The reVision Initial Grant will assist local school districts in completing a strategic planning process for Career Education according to Supt. A. J. Johnson.
Funds from the reVISION process provides the schools with the opportunity to analyze and make changes in their current career education system in order to improve the school’s ability to educate a qualified workforce that meets industry needs within an ever-changing economy.
“This phase is for discovery and planning. No action will be taken,” Johnson said. “We will have monthly meetings. The next meeting will include local businesses.”
The schools will break into local groups to meet. There will be three meetings which will involve the seven schools.
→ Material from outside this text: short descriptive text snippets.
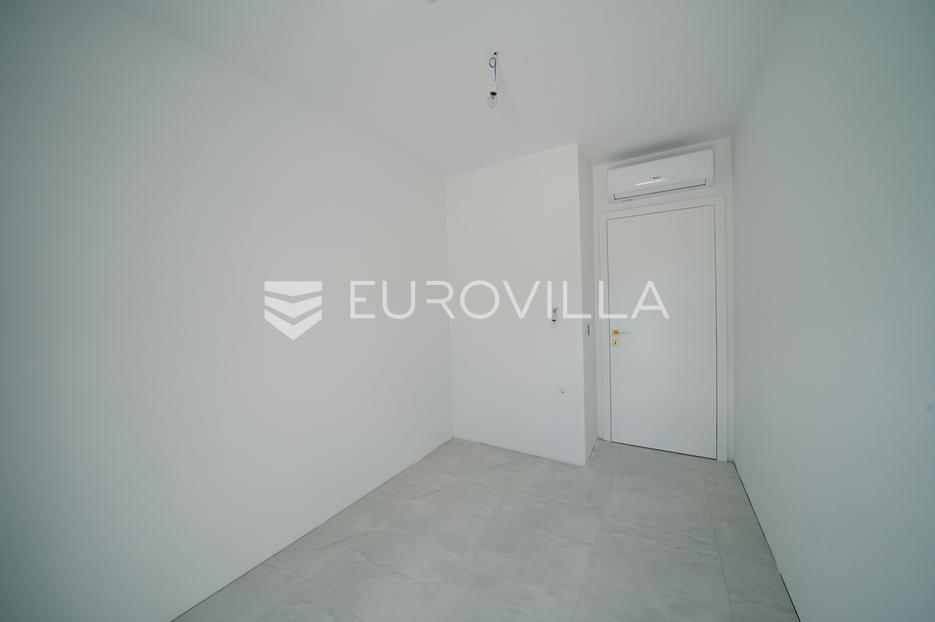 Flat For sale -  Zadar - Okolica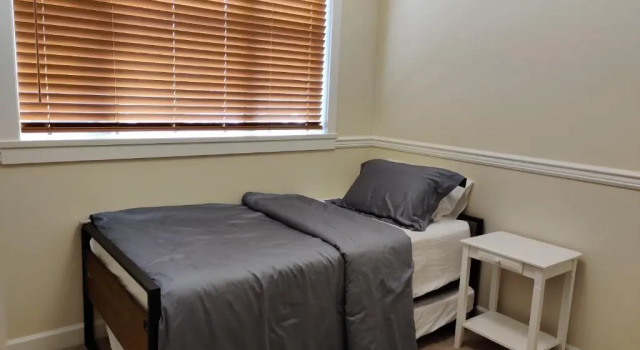 Апартаменты Modern & Comfy 2brdm Condo in Langley - Close to Highway 1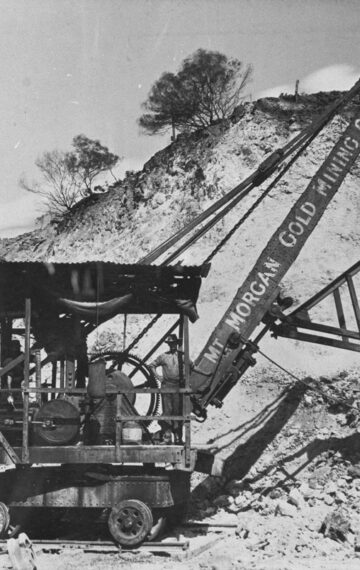 Old photo of steam shovel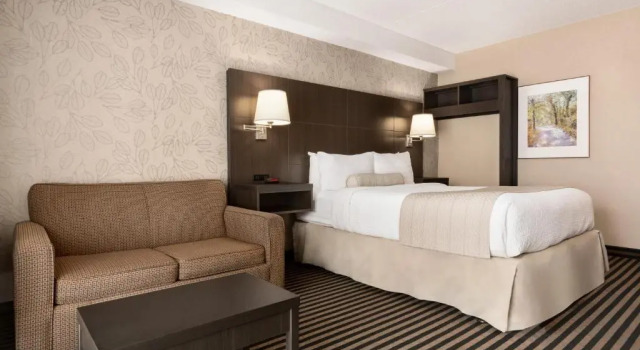 Номер Deluxe Days Inn by Wyndham Miramichi NB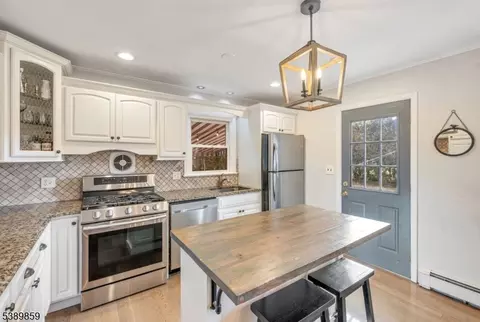 8 Ridge Pl, Wayne, NJ 07470 photo 10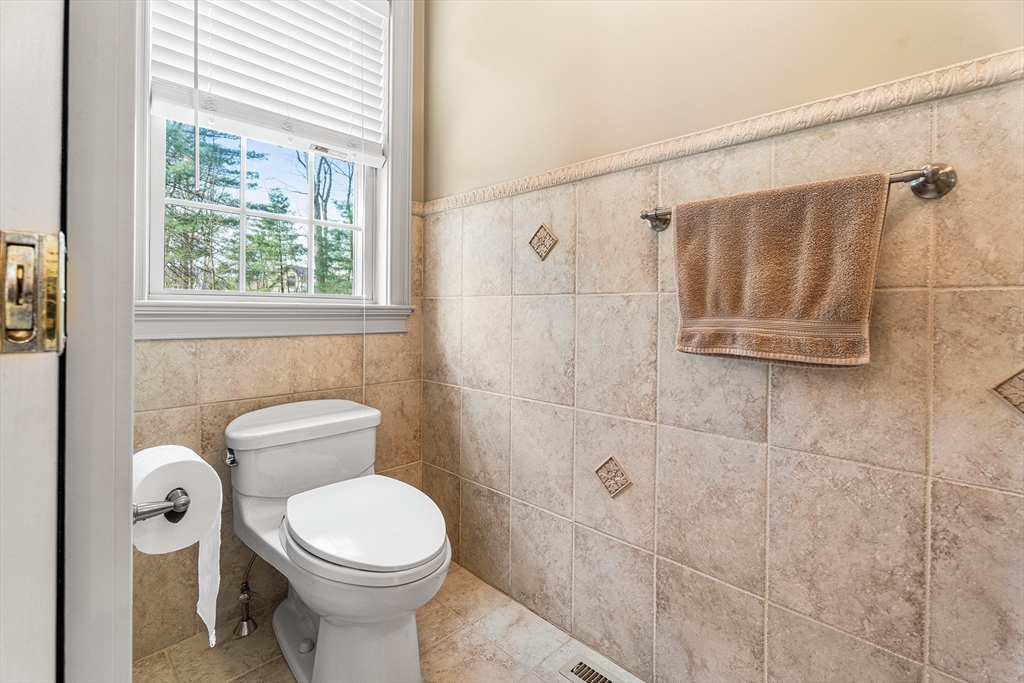 227 Thurber Avenue Attleboro, MA 02703 - Photo 13 of 42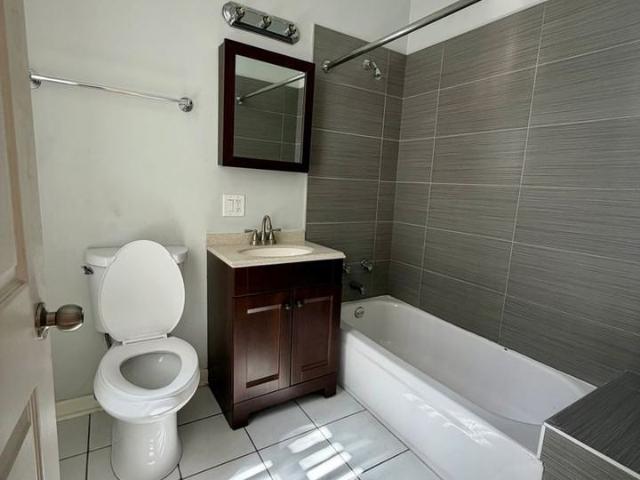 Apartment for rent in Chicago Park, Illinois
Hartington-Newcastle School already has some steps in place but Johnson believes there will be additional benefits by having the schools work together and put a plan in place.
“Our students already have been doing job shadows. We will be talking about careers that would be beneficial and will be giving our kids more education. We want to help the kids have a stronger feeling on what they want to do after graduation,” Johnson said. “We want the kids to be aware of what is available in our area so they can come back home and live here.”
The four main parts to the reVISION process includes Pre-work Documentation, Planning Meetings, Community Engagement Meetings and a Final Meeting (Results).
All of the schools will work together on the revision process although schools will also work individually on some parts of the process.
Each school district will develop a team that consists of career and technical education teachers, district administrator, school administrator, and a core academic teacher. Schools may also consider inviting additional teachers, school board members or community representatives.
The first step was to bring the schools together for a meeting to start the process according to LCC Supt. Randall Klooz.
“We are excited to work with area schools, ESU #1 and Nebraska Department of Education,” Klooz said. “Our goal in this reVISION process is to increase educational opportunities for our students in Northeast Nebraska. This will also help us build strong relationships with our area businesses resulting from the community engagement part of reVISION.”
There are several education options after high school that students can consider. Vocational and technical schools prepare students for a specific trade or industry. Community colleges offer two-year program where students can earn an associate’s degree. Curriculum includes specialized career training and certifications. Students also have the choice of a four-year college and universities. Universities offer advanced post-educational opportunities such as a master’s degree and doctorial degrees.
Working in collaboration with postsecondary education, the workforce in the area, economic development leaders and community leaders, schools have the opportunity to improve their ability to educate a qualified workforce that meets employers’ needs.
The second phase, which is the reVISION Action Grant, helps school districts implement a plan developed for the reVISION process. Only activities that align with high-skill, high-wage and high-demand occupations are considered for the funding. This year, 29 applicants applied for almost $1.2 million in the Action Grants. The Randolph School, which was awarded $15,900 was among the 14 districts to receive a reVISION Action Grant.